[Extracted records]
* * * * * * *

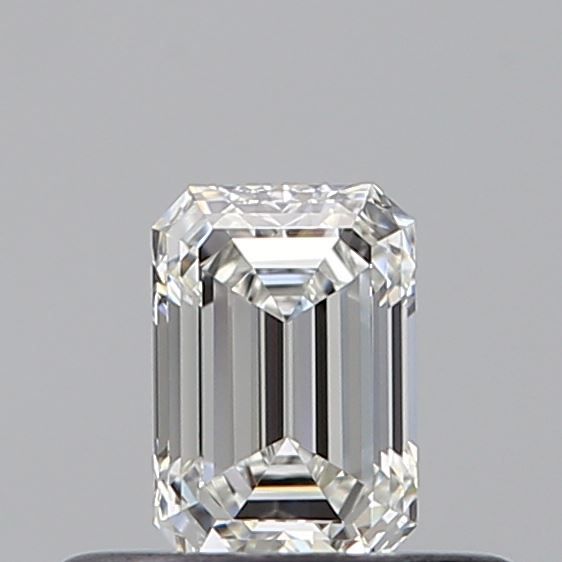 Diamond Natural 0.3Ct G-VVS1 Emerald - GIA2546117537
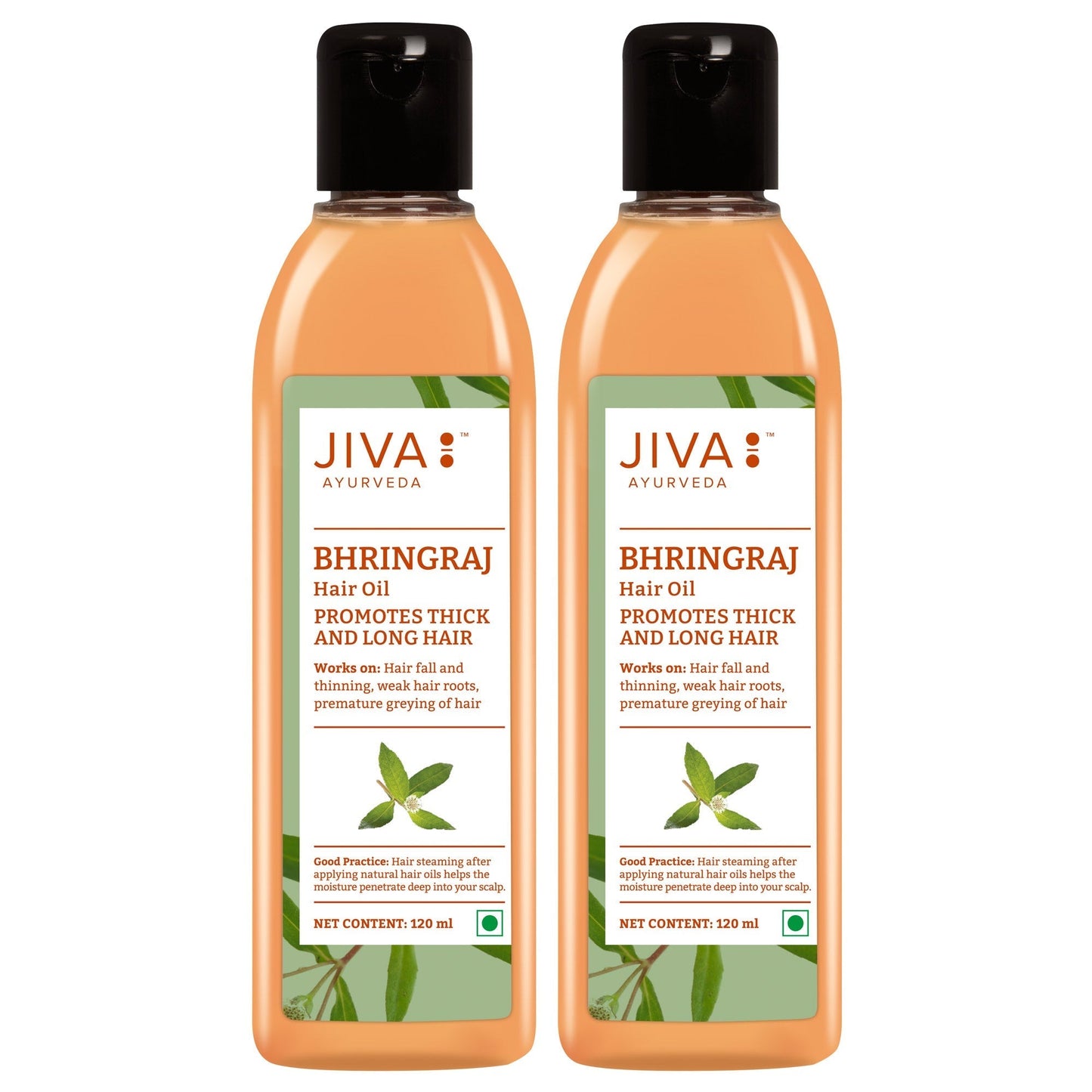 Jiva Ayurveda Bhringraj Hair Oil -  buy in usa canada australia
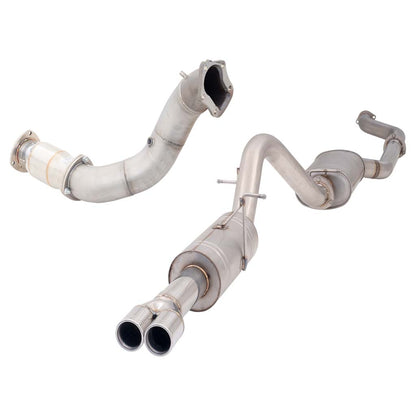 Ford Falcon FG XR6 Turbo Ute XFORCE Full Exhaust 4 Inch To 3.5 Inch - Raw 409
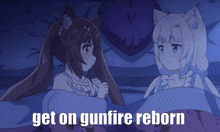 get on gunfire reborn nekopara catgirl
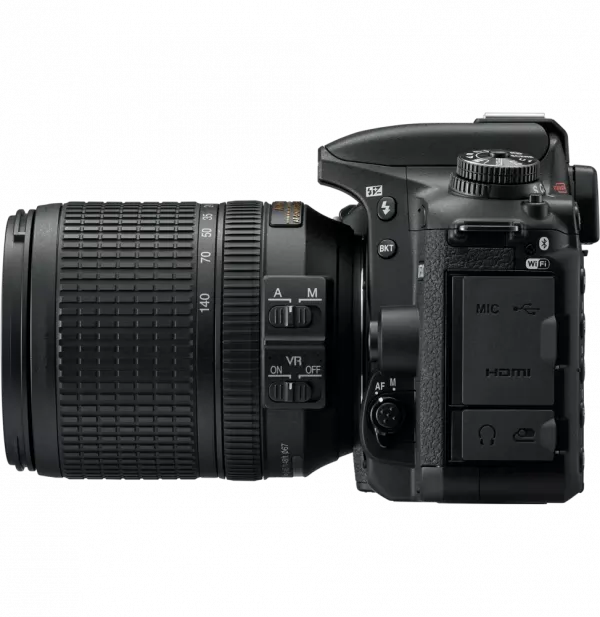 Appareil photo reflex Nikon D7500 + Objectif AF-S DX Nikkor 18-140mm f/3.5-5.6G ED VR (18208953509)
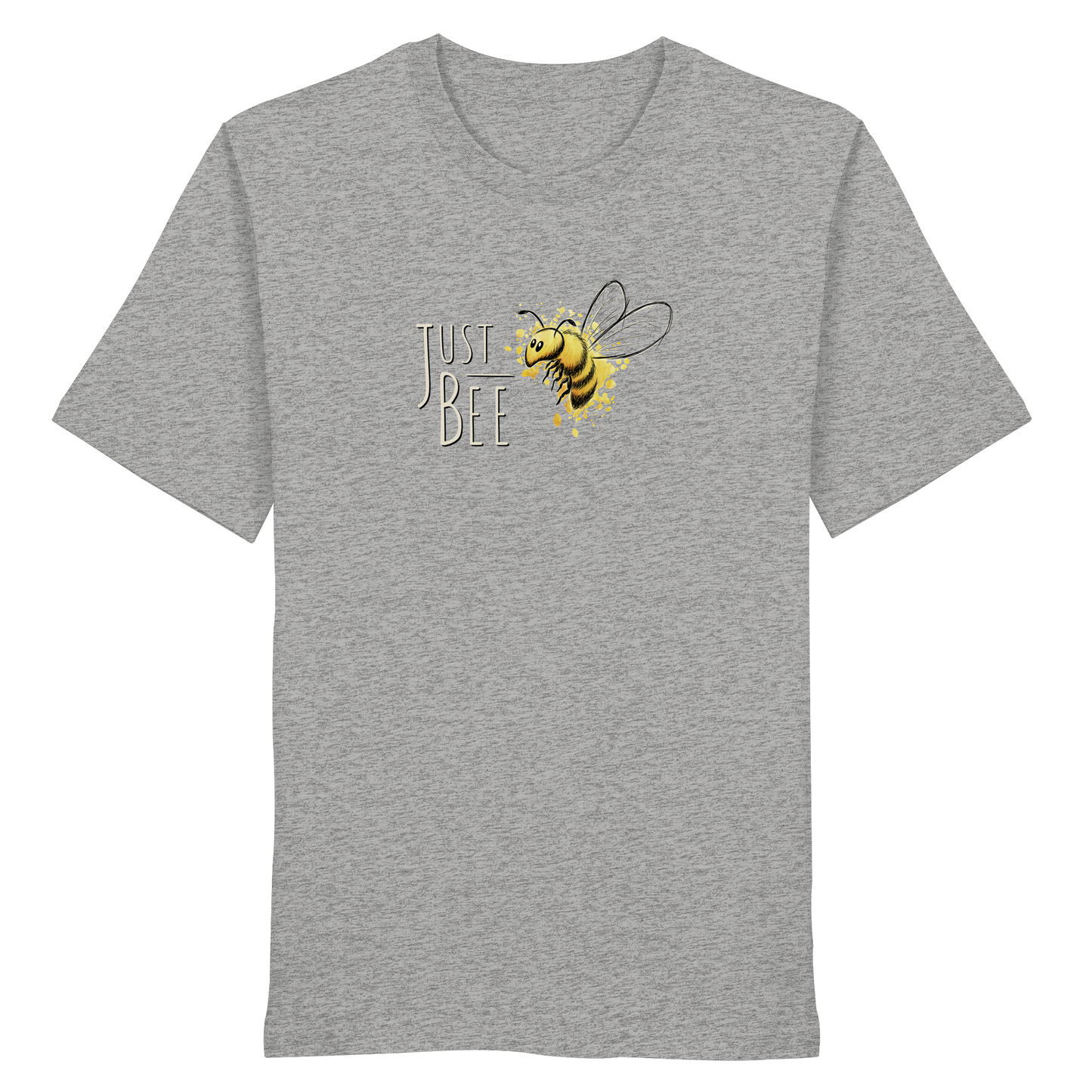Just Bee, kleine Honig-Biene - Organic Shirt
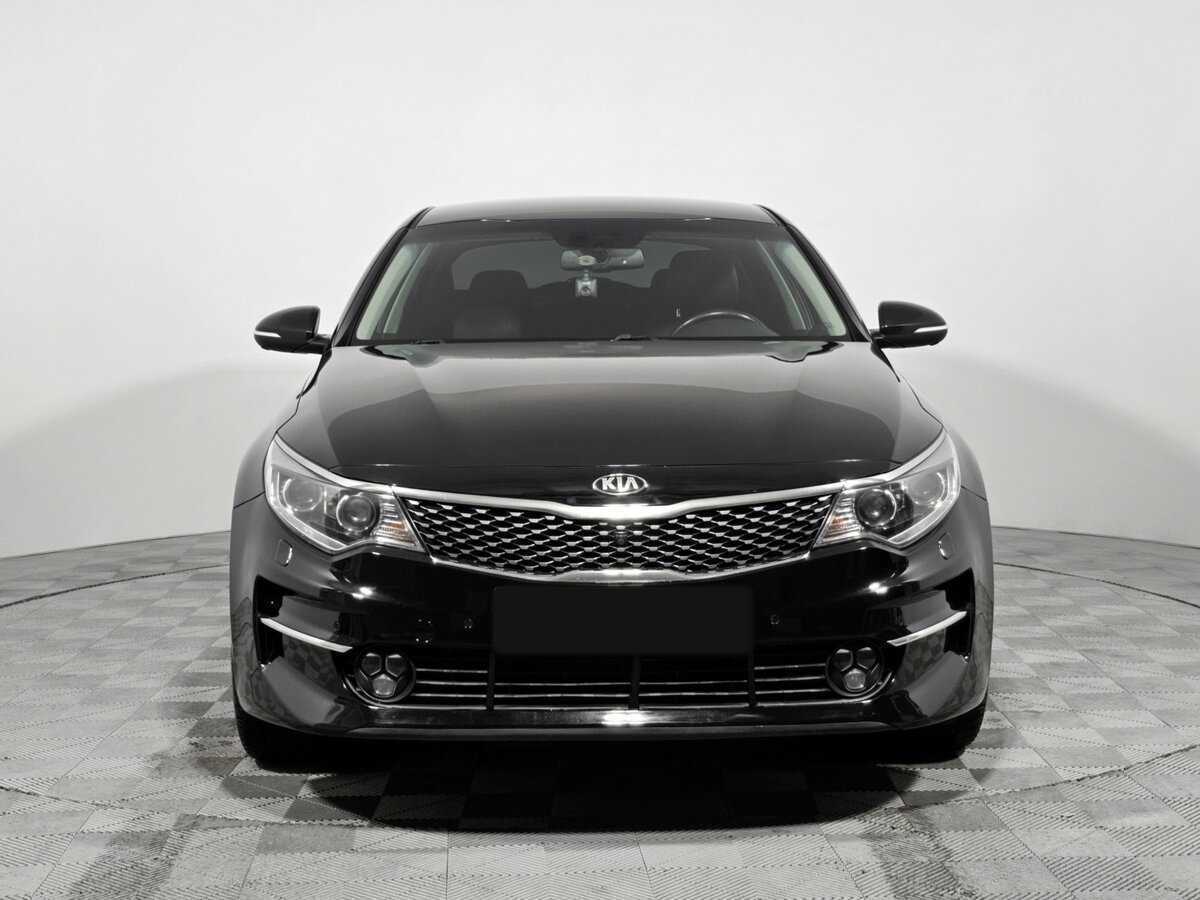 Kia Optima, 2018 - фото №2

* * * * * * *

** Activity **
Please output all of the data exactly as given, omitting any images it holds.

** Exercise answer **
 Diamond Natural 0.3Ct G-VVS1 Emerald - GIA2546117537
 Jiva Ayurveda Bhringraj Hair Oil -  buy in usa canada australia
 Ford Falcon FG XR6 Turbo Ute XFORCE Full Exhaust 4 Inch To 3.5 Inch - Raw 409
 get on gunfire reborn nekopara catgirl
 Appareil photo reflex Nikon D7500 + Objectif AF-S DX Nikkor 18-140mm f/3.5-5.6G ED VR (18208953509)
Just Bee, kleine Honig-Biene - Organic Shirt
 Kia Optima, 2018 - фото №2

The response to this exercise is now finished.